Ethical leadership is a term related to human relationships between the leader and follower. These terms have evolved to what they are today. There are many examples of good leaders, both ethical and unethical.

Transformational leaders are good examples of ethical leaders where followers are raised to higher standards to the point where they are being trained as leaders. Hitler, Clinton and Nixon are examples of great leaders, however, they are considered as unethical leaders. Colin Powell and C.A.L.M. may be considered as examples of ethical transformational leaders and while these leaders continue their work, followers will continually be raised to positions of leadership.

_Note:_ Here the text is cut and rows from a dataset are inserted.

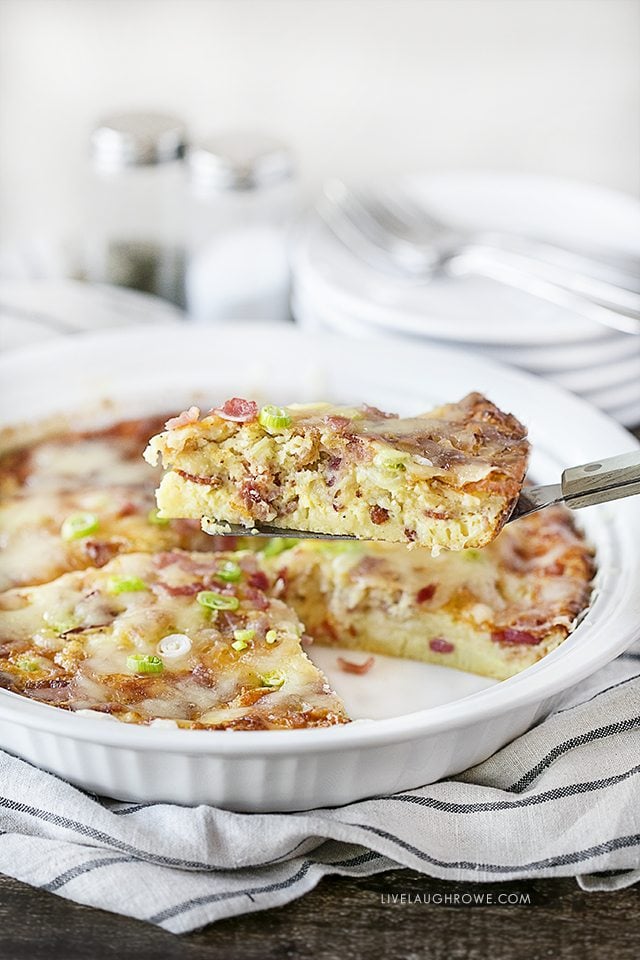 If you love quiche and bacon, you're in for a real treat with this Crustless Bacon Quiche from livelaughrowe.com.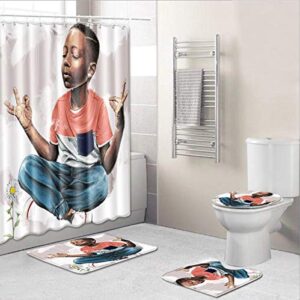 ffjingpu afro african american boy shower curtain set black boy art painting bathroom curtain bath mat rugs carpet bathtub home decor kid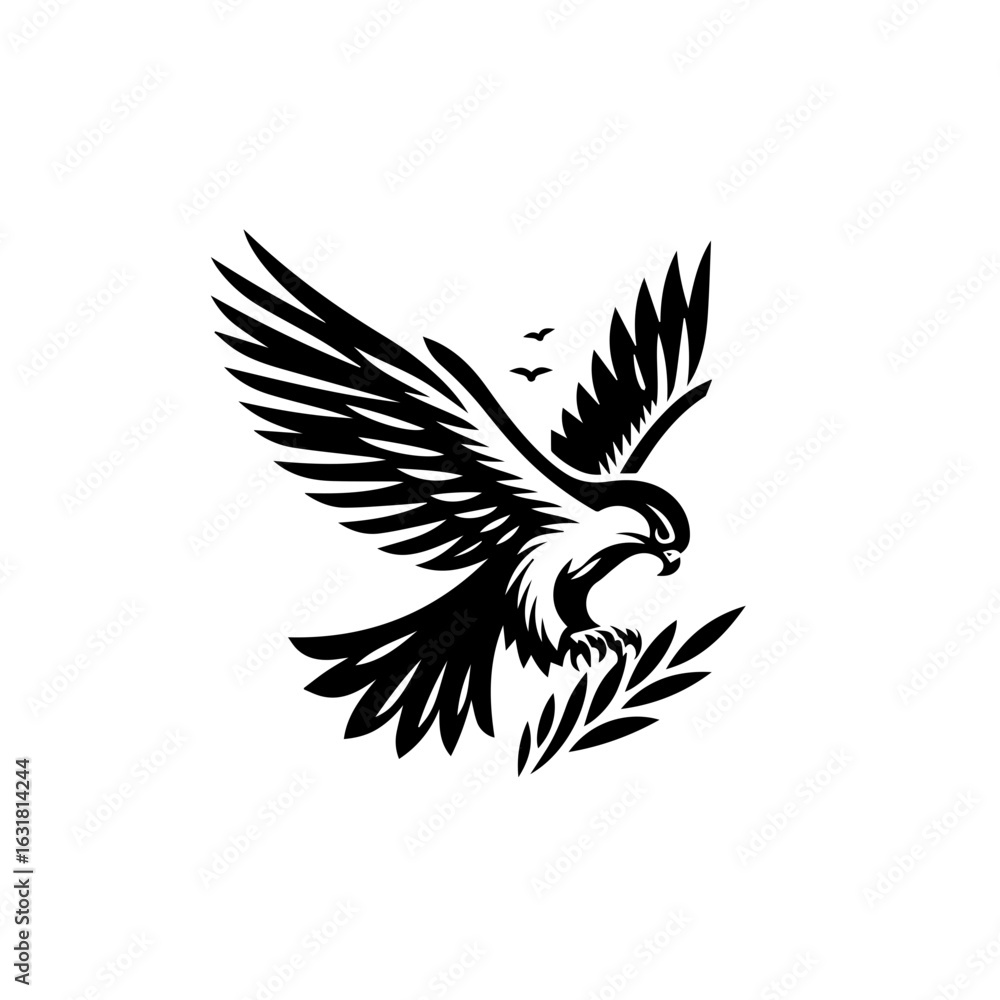 Obraz premium Vector art of majestic eagle in flight with olive branch isolated on white background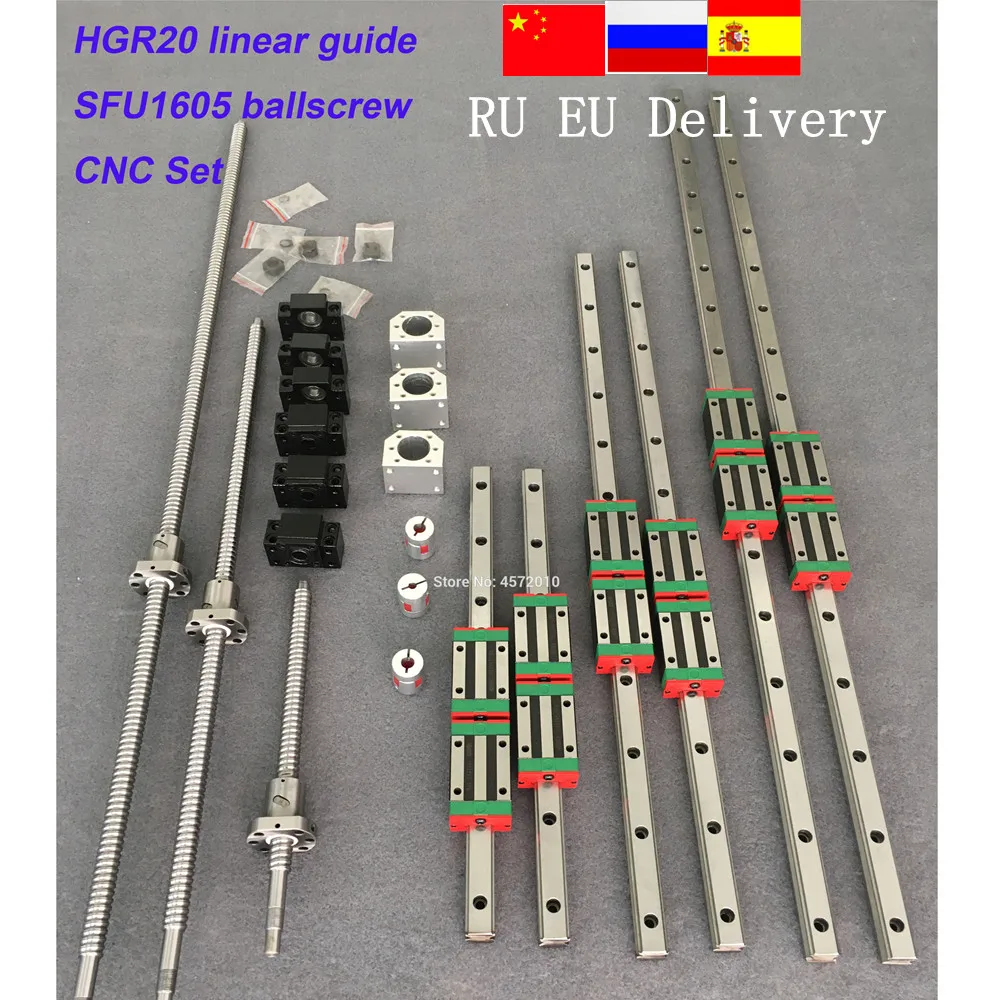 

RU Delivery Ballscrew HB 20 Square Linear guide rail 6 set HB20 - 400/700/1000mm + SFU1605 - 400/700/1000mm + BK/BF12 CNC part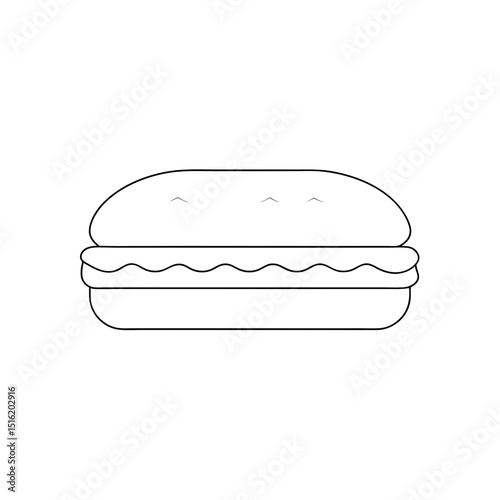 A Hearty Pastrami Sandwich A Deli Classic Fast Food On A White Background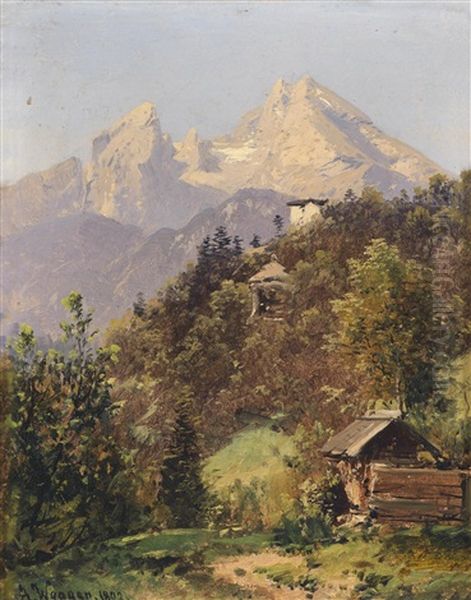 Drei Verschiedene Ansichten Aus Den Berchtesgadener Alpen (3 Works) Oil Painting by Adalbert Waagen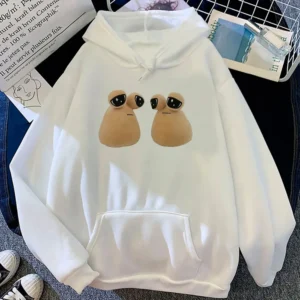 Pou Hoodies Women Cartoon Hoodie Sweat Y2k Graphic Y2k Aesthetic Hooded Shirt Sweater Female Long Sleeve Top Hood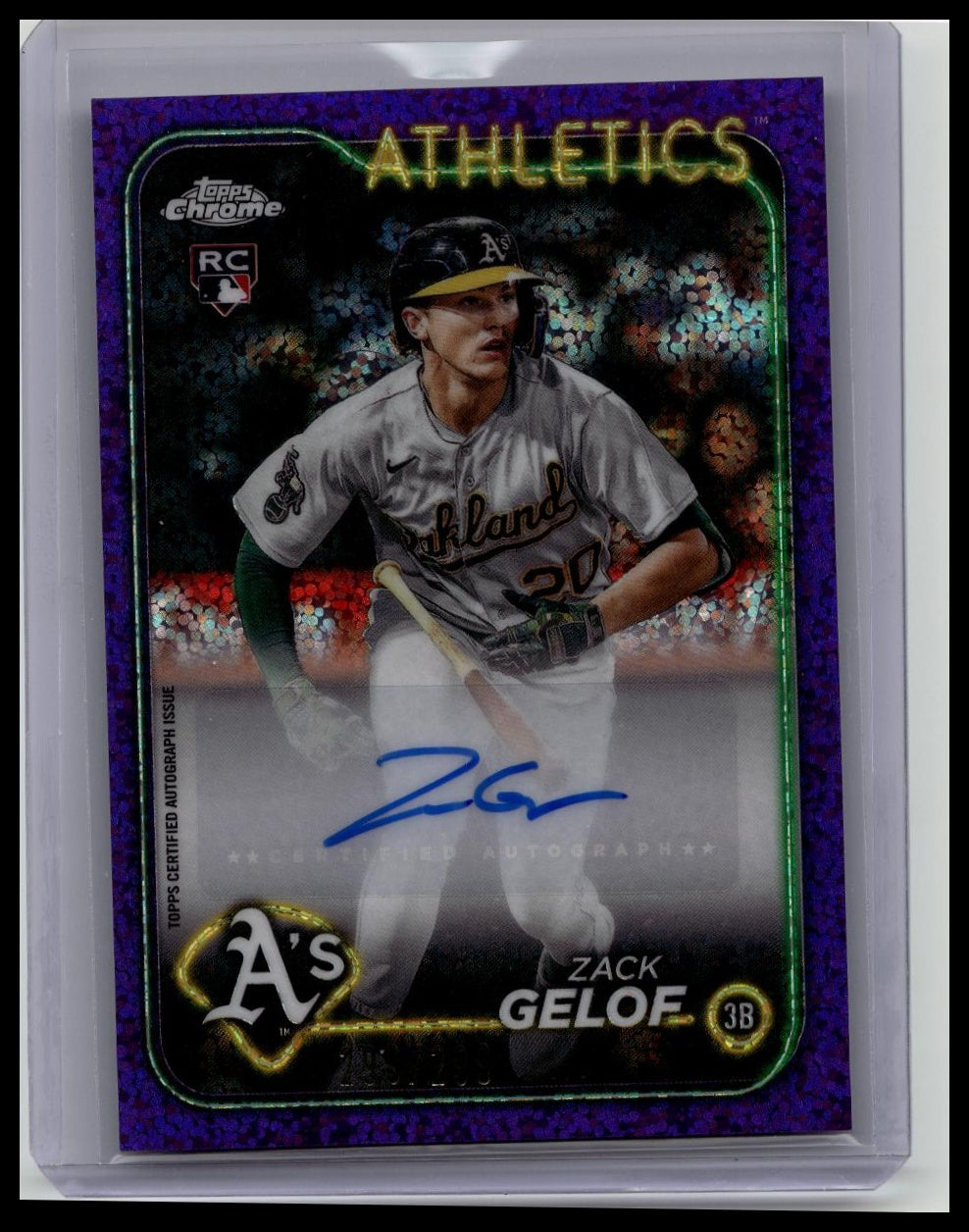 ZACK GELOF 2024 TOPPS CHROME ROOKIE PURPLE SPECKLE RC AUTO /299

Examples in Ethical Leadership

It has been said that a good leader is an ethical leader and that to effectively lead a group of people a leader needs to have an ethical foundation. But is this always the case? There are numerous historical examples of good and effective leaders who had questionable ethical behaviours, and yet still had the love and adoration of their followers. While on the other hand, leaders like Colin Powell are able to effectively lead with strong ethical and leadership behaviours. Transformational leadership has the ability to raise followers into leaders, more often than not, these are the ethical leaders. This paper will discuss these points and in doing so will first define the terms of ethics and leadership. Transformational leadership will be described followed by a dichotomy of the ethical leader and a historical account of both ethical and unethical leaders. Finally an account of community leadership will be discussed with the impact that an organisation has had upon my community. The field of leadership and ethics is an exhaustive field where there is much potential to be written, however, due to set parameters; the previously mentioned points will only be discussed.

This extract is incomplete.